(Short descriptive text snippets)

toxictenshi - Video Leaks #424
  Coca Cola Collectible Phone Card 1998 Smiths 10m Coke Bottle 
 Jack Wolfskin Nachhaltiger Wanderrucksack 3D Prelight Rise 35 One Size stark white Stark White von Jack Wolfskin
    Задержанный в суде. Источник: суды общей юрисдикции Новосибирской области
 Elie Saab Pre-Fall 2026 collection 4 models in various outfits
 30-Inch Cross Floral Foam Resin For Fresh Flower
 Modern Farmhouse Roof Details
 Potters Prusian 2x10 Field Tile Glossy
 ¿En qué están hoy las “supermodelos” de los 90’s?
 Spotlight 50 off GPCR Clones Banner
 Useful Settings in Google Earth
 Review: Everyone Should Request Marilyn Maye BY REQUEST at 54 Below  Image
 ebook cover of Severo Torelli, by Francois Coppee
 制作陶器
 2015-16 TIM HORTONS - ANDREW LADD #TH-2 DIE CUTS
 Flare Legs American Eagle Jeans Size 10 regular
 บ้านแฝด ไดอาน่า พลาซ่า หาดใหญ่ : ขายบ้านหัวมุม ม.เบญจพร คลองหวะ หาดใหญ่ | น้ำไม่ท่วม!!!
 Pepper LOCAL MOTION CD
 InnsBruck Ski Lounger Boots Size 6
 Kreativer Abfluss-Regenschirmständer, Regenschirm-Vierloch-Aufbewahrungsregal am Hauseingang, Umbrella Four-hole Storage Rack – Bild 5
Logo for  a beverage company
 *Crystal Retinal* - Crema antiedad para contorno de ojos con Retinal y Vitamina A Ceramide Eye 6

About this task: All lines from the one that holds "2015-16 TIM HORTONS" to the end of the entries above must be transcribed exactly, both ends included, and no others.

Response area:
 2015-16 TIM HORTONS - ANDREW LADD #TH-2 DIE CUTS
 Flare Legs American Eagle Jeans Size 10 regular
 บ้านแฝด ไดอาน่า พลาซ่า หาดใหญ่ : ขายบ้านหัวมุม ม.เบญจพร คลองหวะ หาดใหญ่ | น้ำไม่ท่วม!!!
 Pepper LOCAL MOTION CD
 InnsBruck Ski Lounger Boots Size 6
 Kreativer Abfluss-Regenschirmständer, Regenschirm-Vierloch-Aufbewahrungsregal am Hauseingang, Umbrella Four-hole Storage Rack – Bild 5
Logo for  a beverage company
 *Crystal Retinal* - Crema antiedad para contorno de ojos con Retinal y Vitamina A Ceramide Eye 6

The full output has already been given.